[[ Provided records, beginning ]]
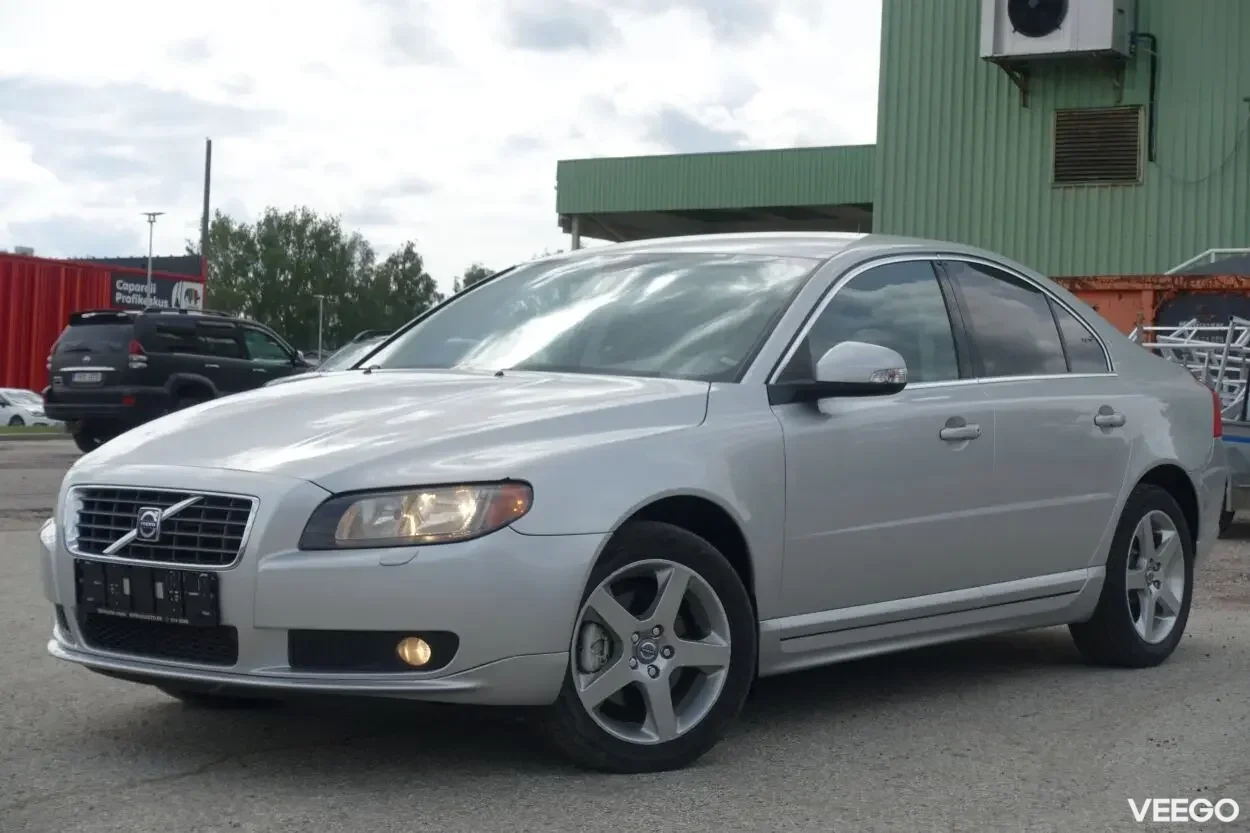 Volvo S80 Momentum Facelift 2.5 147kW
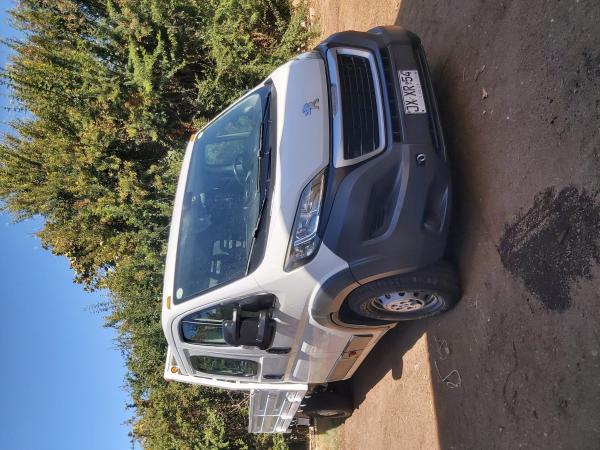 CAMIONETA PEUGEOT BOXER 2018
[[ Provided records, end ]]
[[ Provided records, beginning ]]
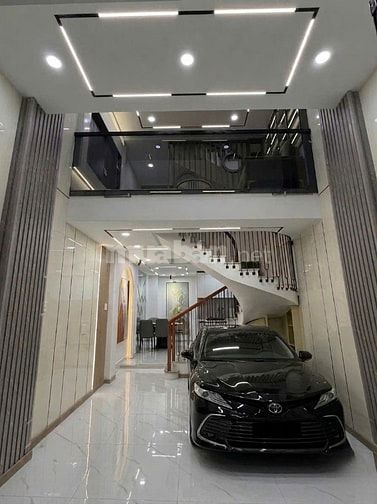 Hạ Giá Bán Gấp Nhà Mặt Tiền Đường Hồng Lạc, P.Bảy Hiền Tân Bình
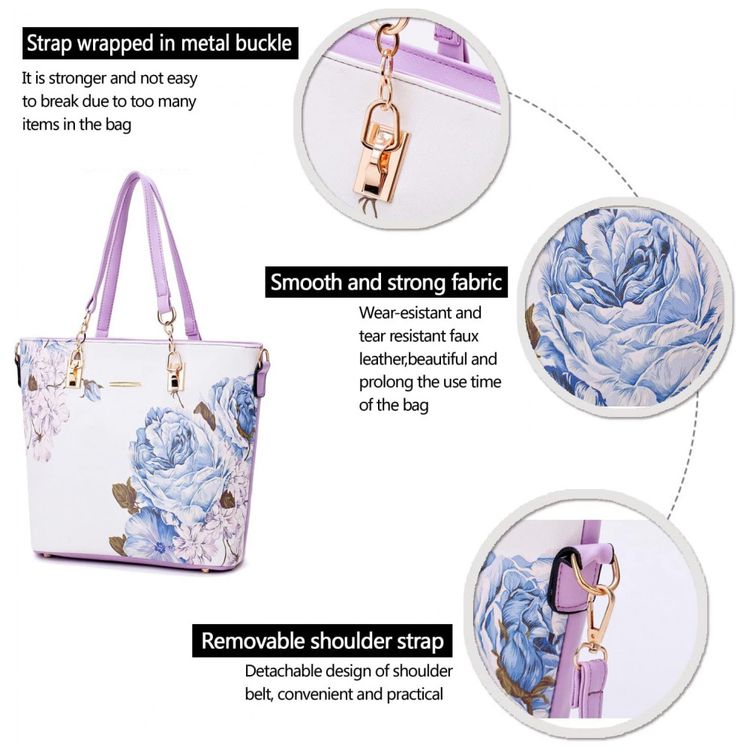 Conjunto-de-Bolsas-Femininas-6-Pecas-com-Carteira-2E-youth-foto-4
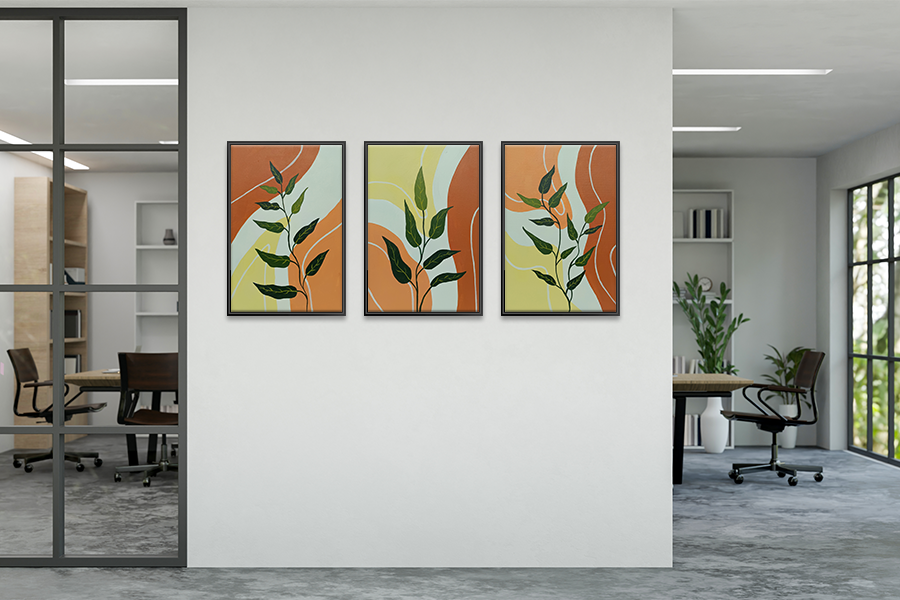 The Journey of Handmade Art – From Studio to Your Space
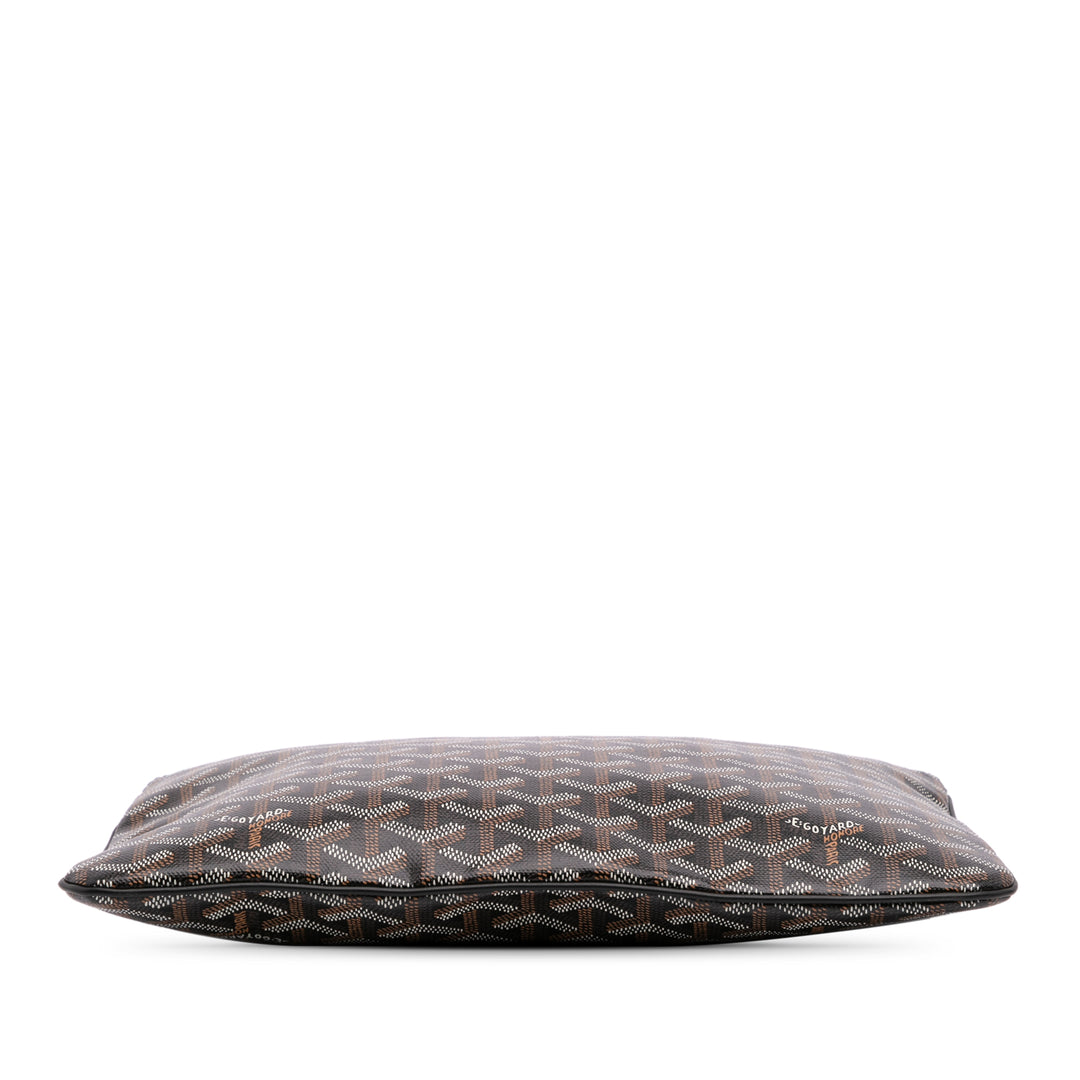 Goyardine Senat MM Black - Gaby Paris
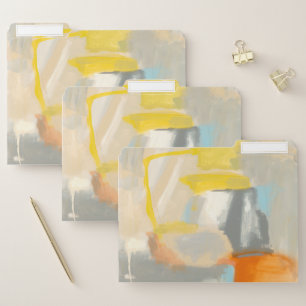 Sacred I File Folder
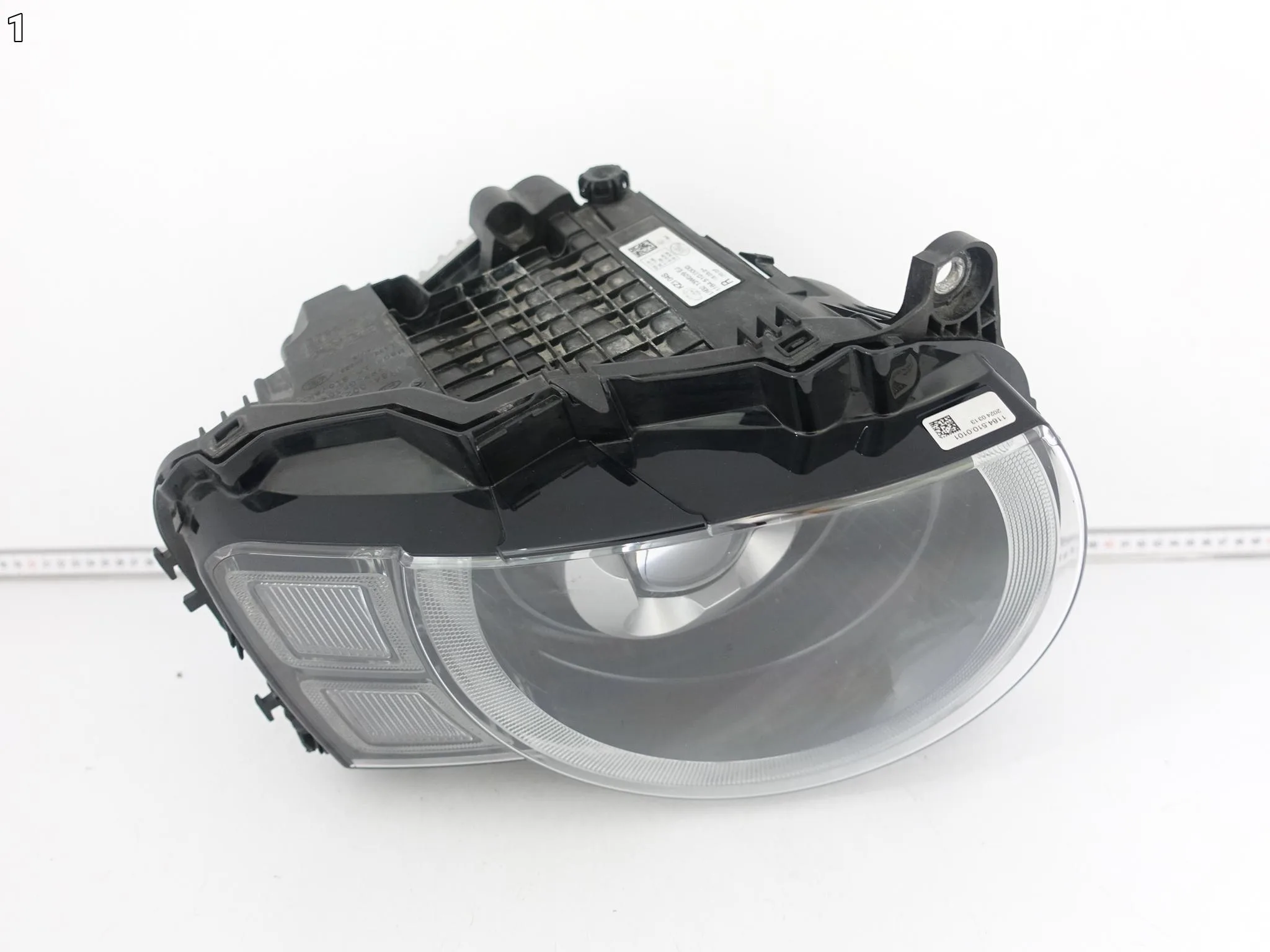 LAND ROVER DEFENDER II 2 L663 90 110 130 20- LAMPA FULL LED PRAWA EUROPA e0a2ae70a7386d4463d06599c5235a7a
[[ Provided records, end ]]
> Exercise directions:
Only the lines above from the one with "Sacred I File Folder" to the one with "LAND ROVER DEFENDER" should be printed, both included and exactly as written; no picture belongs in the copy.

> The answer:
 Sacred I File Folder
 LAND ROVER DEFENDER II 2 L663 90 110 130 20- LAMPA FULL LED PRAWA EUROPA e0a2ae70a7386d4463d06599c5235a7a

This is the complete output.